III. Друг и диакон Слова
Если люди спорят, но один собеседник вслушивается в другого, в споре открывается двойственность или парадоксальность истины. Ее открыл и отчеканил Тертуллиан, наиболее глубоким выражением ее стала христологическая формула Халкедонского собора. Эта нераздельность и неслиянность, описывающая благоговение и смирение нашего разума по отношению к Слову Божию, может быть отнесена и к человеческому слову о Нем. Живой язык неслиянен с литургическим и неразделен с ним, несовместим и неотрывен.
Споры о литургическом языке, на каком бы уровне они ни велись, исходят, как правило, из точки отсчета, заранее полагаемой известной, на самом же деле определяемой каждый раз заново. Эта точка — человек перед Богом. За спорами о языке отдаленно и придушенно шумят совсем другие споры: о свободе, о творчестве, о роли человеческого начала в богочеловеческом организме Церкви, о границах неизменности Предания, о соработничестве с Духом Святым… Евангелие написано на разговорном языке, тесно привязанном к вещам того времени, а переведено – я имею в виду Синодальный перевод — языком возвышенным и почти «бестелесным». Однако и это имело свой смысл, из всех русских переводов я и по сей день предпочитаю пользоваться синодальным, хотя сегодня он уже отходит от нас и отчасти становится Преданием…

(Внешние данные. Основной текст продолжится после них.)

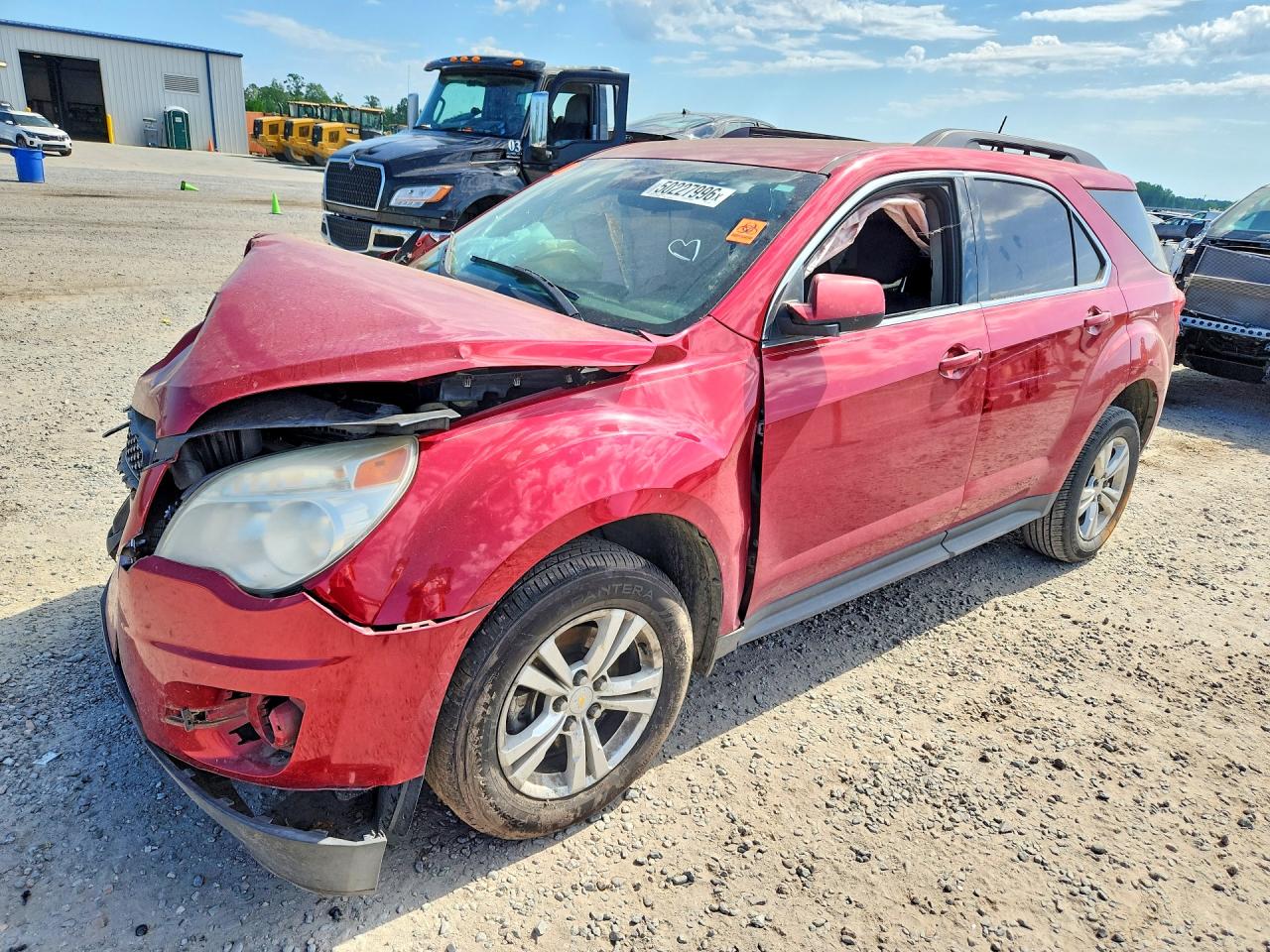 Salvage Chevrolet Equinox Image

Что же такое Предание? От Тертуллиана и св. Василия Великого до почти наших современников, Владимира Лосского, оо. Георгия Флоровского, Александра Шмемана, Думитру Станилое, Николая Афанасьева и др., идея церковного Предания предстает как внутреннее — не в индивидуальном, но в церковном сознании — извещение и волеизъявление Духа Святого, незримо и «вещно» запечатленного на всех формах — сакраментальных, обрядовых, канонических, языковых — бытия Церкви. И эти оставленные Им печати не стираются. И вместе с тем, дерзну предположить, что бытие Духа в Церкви не сводится только к тому, что было Им однажды запечатлено. Дух не только воспроизводит Себя, Он несет и нечто небывалое. Его бытие статично в Предании, которое остается за нашими плечами, и динамично в истории, пролегающей в нас, в том, что сегодня, здесь и сейчас Дух говорит Церквам. Когда мы говорим о материальном наследии Церкви, желая отстоять его целиком или что-то в нем изменить, мы не можем не учитывать соотношения между статикой и динамикой Предания, его связанности и свободы.

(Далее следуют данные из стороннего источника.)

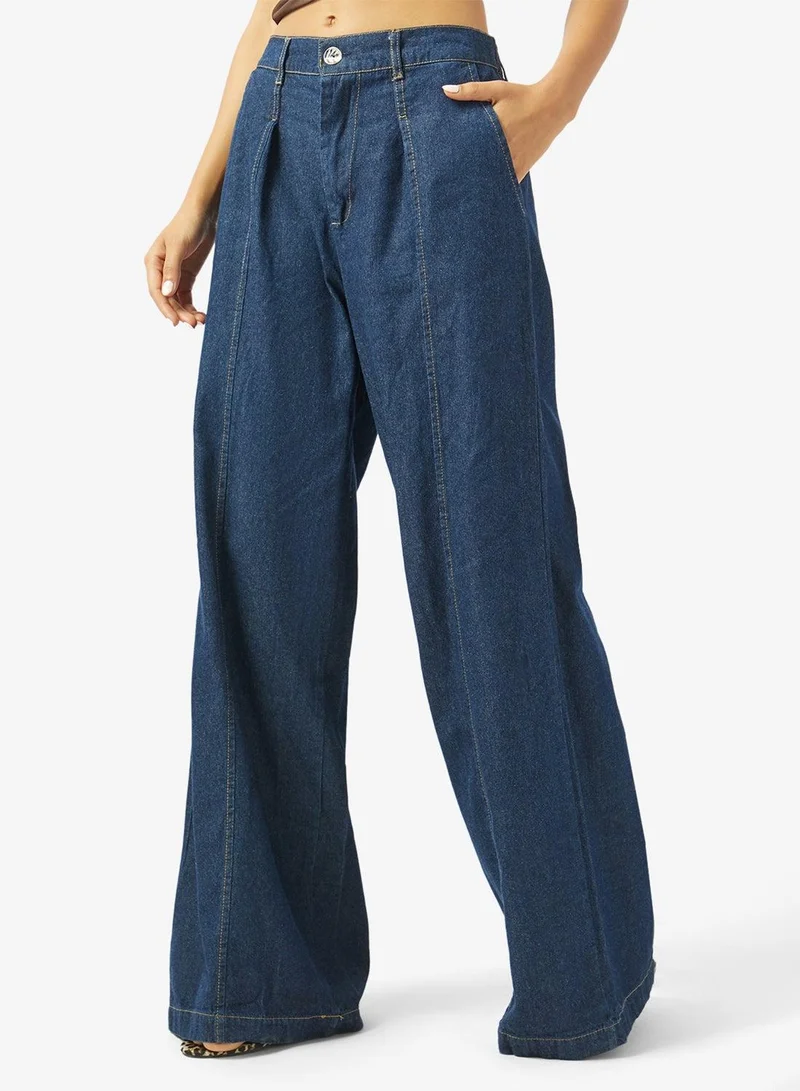 Mid Rise Wide Fit Jeans with Pleat Detail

Берегитесь, однако же, чтобы эта свобода ваша не послужила соблазном для немощных , — говорит ап. Павел (1 Кор.8,9). Конечно же, переводы богослужебных текстов, не говоря о книгах Писания, неизбежны. Они уже идут. Они торопятся, они дышат нам в спину и действительно служат соблазном, потому что отражают мыслительный и духовный обиход непросвещенного ума. Сей ум говорит: «отныне решаю я, делаю, как хочу, кто несогласен, пусть коснеет в дремучести». Всякий, кто не глух, подобную интонацию или, скажем, таковую весть непременно уловит. И все же Дух говорит Церквам новым опытом, не только индивидуальным, но и соборным, новым веянием, иным «исполнением», т.е. наполнением мира, в котором мы оказались.
Так кто же в конце концов может и должен переводить, переводить так, чтобы Церковь, — мы, сегодняшние, и вы, завтрашние, могли признать этот перевод языком нашей и вашей молитвы, тáинственной и таинственной беседы с Богом? Позволю себе закончить это краткое размышление не доброй моралью, не благим увещеванием, но лишь образом словесного иконописца, в котором нуждается наша Церковь.

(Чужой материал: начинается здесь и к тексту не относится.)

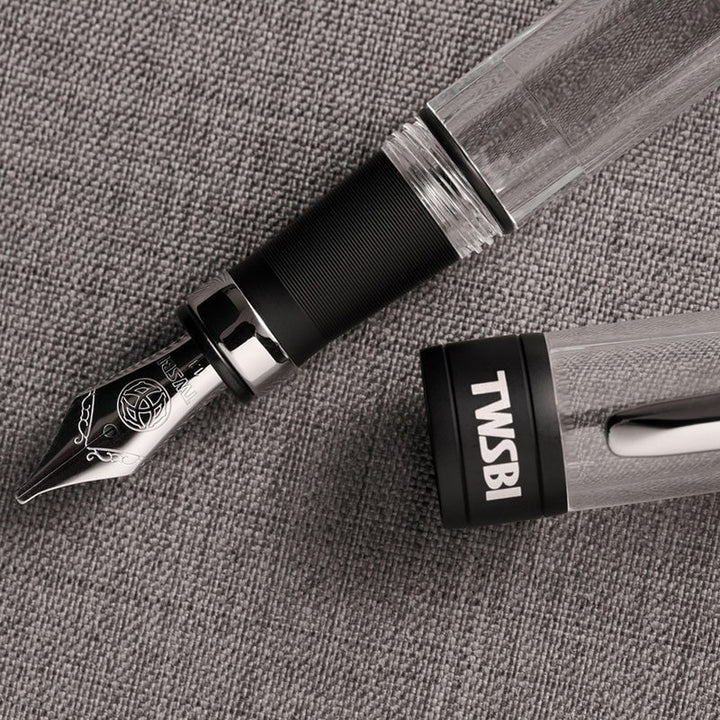 TWSBI Diamond 580 ALR (Black) - Broad Fountain Pen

Прежде всего, наверное, этот человек должен помнить о немощи слова, о том, что при всех усилиях наш язык способен передать и донести лишь малую часть той благодатной энергии, которая в нем таится.
И вместе с тем надлежит ему знать о бесконечной, неслыханной мощи человеческого слова, несущего в себе Слово Божие и низводящего Духа Святого.
Конечно, он должен быть человеком молитвы, знающим о ней не понаслышке, несущим в себе все благодатное наследие ее и вместе с тем способным найти для нее иные формы, сложившиеся в нем, услышать то, что созревает и рвется наружу в «шевелениях губ», «шестых чувствах» современников. И надлежит ему знать, что молитва выговоренная беднее той, что остается в немоте.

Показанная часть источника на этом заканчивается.